Mexico is ready to offer WikiLeaks founder Julian Assange political asylum and is in favor of him being granted a pardon.

President Andres Manuel Lopez Obrador said Monday he celebrated a decision by a U.K. judge blocking Assange’s extradition to the U.S., citing the risk of suicide in a American jail.

“Assange is a journalist and he deserves an opportunity,” Lopez Obrador said in his daily press conference. “I’m in favor of pardoning him. We’ll give him protection.”

Lopez Obrador’s comments follow requests by Assange’s supporters to have President Donald Trump pardon him before leaving office.

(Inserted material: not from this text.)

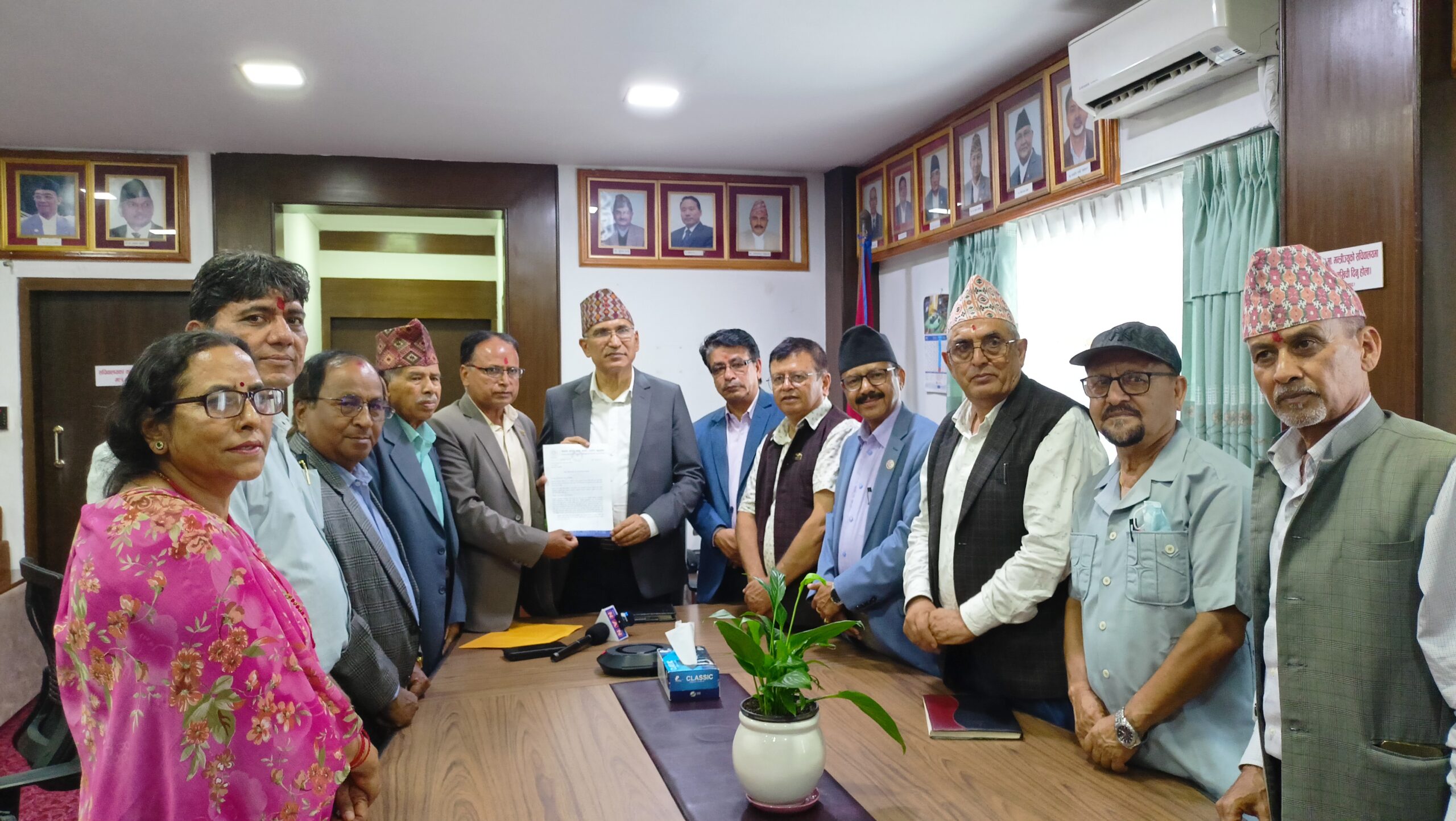 घरेलु तथा साना उद्योगलाई प्रवद्र्धन गर्ने सरकारको स्पष्ट नीति छ : अर्थमन्त्री पौडेल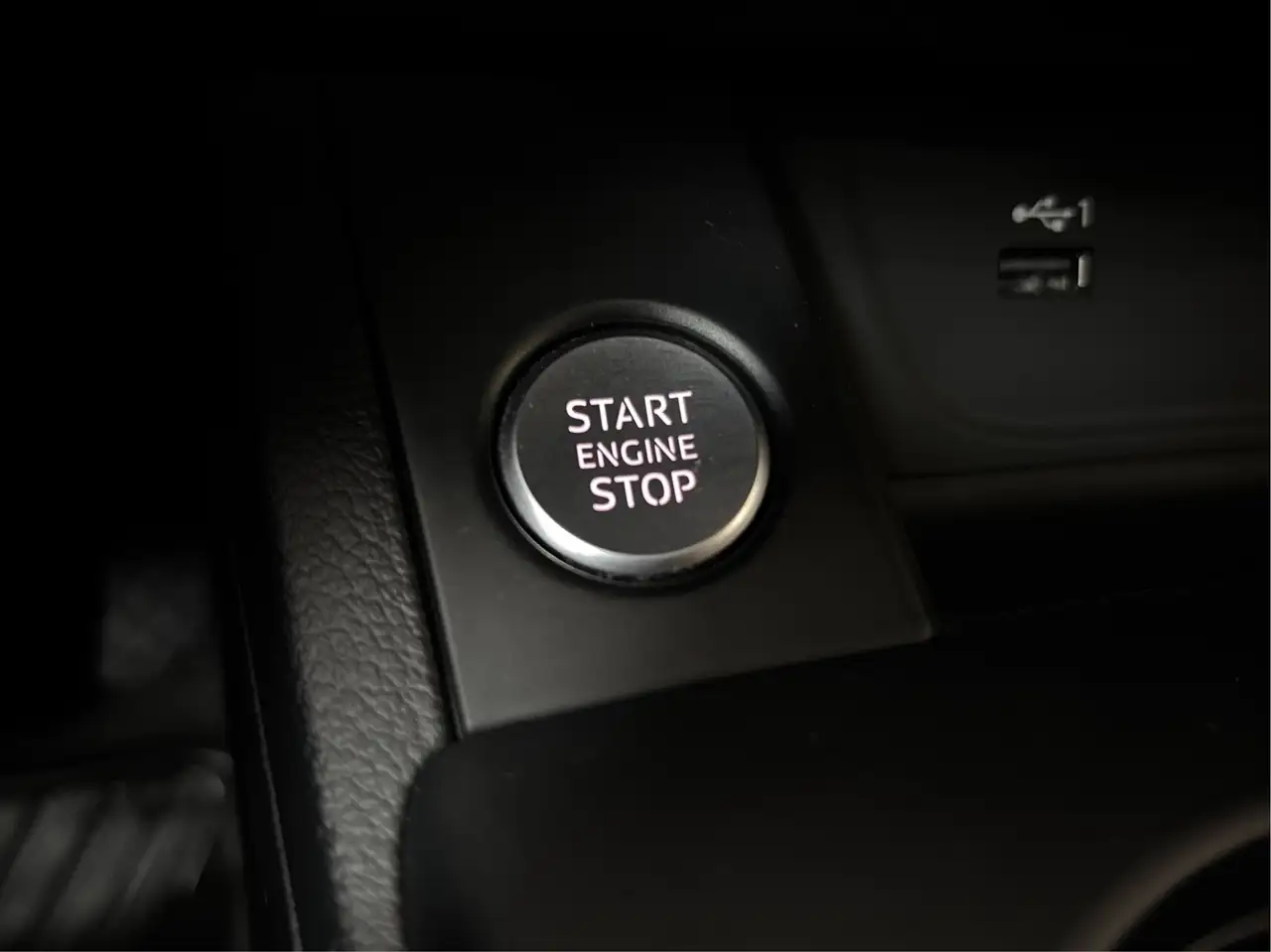 Audi A4 снимка Audi A4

The U.K. judge’s decision gave Assange a legal victory after close to a decade of imprisonment or self-imposed exile. Assange could be released from the high-security prison where he is currently held as soon as Wednesday, when his lawyers will return to court to argue what they have called the “strongest grounds to granting bail” in light of Monday’s ruling.

AMLO, as the leader is known, said he was glad Assange is being protected and that the extradition wasn’t authorized, calling it a victory for justice. He will ask Foreign Affairs Minister Marcelo Ebrard to carry out the necessary paperwork for Mexico to extend the political asylum offer, he added.

Lawyers for the U.S. immediately said they would appeal the ruling, a process that could take years.